# Material for this task
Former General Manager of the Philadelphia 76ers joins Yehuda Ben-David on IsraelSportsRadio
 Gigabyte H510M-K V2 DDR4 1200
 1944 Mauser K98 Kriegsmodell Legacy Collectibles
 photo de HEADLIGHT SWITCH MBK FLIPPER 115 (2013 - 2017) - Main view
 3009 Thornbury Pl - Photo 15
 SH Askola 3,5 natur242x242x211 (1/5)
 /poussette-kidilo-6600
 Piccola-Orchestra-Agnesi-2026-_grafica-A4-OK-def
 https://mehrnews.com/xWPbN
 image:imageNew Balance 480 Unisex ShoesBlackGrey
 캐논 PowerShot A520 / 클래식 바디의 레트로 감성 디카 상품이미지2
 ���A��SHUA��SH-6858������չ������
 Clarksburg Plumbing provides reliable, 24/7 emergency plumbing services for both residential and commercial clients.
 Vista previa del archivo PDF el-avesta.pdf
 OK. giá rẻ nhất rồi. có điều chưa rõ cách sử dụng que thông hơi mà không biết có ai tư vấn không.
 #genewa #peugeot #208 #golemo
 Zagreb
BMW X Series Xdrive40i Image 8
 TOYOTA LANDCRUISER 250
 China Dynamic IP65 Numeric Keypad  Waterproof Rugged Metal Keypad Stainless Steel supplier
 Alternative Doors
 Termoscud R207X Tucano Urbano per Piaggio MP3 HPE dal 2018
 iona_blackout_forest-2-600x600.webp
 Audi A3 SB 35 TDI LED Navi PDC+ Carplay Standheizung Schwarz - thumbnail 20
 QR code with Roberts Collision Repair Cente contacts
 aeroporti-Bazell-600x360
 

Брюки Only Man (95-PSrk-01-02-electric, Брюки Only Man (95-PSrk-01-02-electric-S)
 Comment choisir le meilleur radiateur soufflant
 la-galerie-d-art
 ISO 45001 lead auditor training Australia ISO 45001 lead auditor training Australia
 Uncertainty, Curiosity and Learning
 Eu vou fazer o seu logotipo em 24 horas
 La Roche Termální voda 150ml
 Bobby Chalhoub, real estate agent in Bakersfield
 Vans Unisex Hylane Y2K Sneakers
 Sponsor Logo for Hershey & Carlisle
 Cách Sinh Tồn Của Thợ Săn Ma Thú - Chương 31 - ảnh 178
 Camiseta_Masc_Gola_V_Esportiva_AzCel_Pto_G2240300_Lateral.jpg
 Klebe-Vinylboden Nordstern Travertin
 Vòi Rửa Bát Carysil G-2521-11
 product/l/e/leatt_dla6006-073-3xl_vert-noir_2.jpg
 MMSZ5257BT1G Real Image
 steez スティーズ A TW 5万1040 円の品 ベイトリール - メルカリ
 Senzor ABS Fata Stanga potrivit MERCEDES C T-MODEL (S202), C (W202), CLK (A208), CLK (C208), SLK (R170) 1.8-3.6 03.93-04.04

# What to work on
Go through the entries above and report every line in which the word "Unisex" appears.

# Result of the task
 image:imageNew Balance 480 Unisex ShoesBlackGrey
 Vans Unisex Hylane Y2K Sneakers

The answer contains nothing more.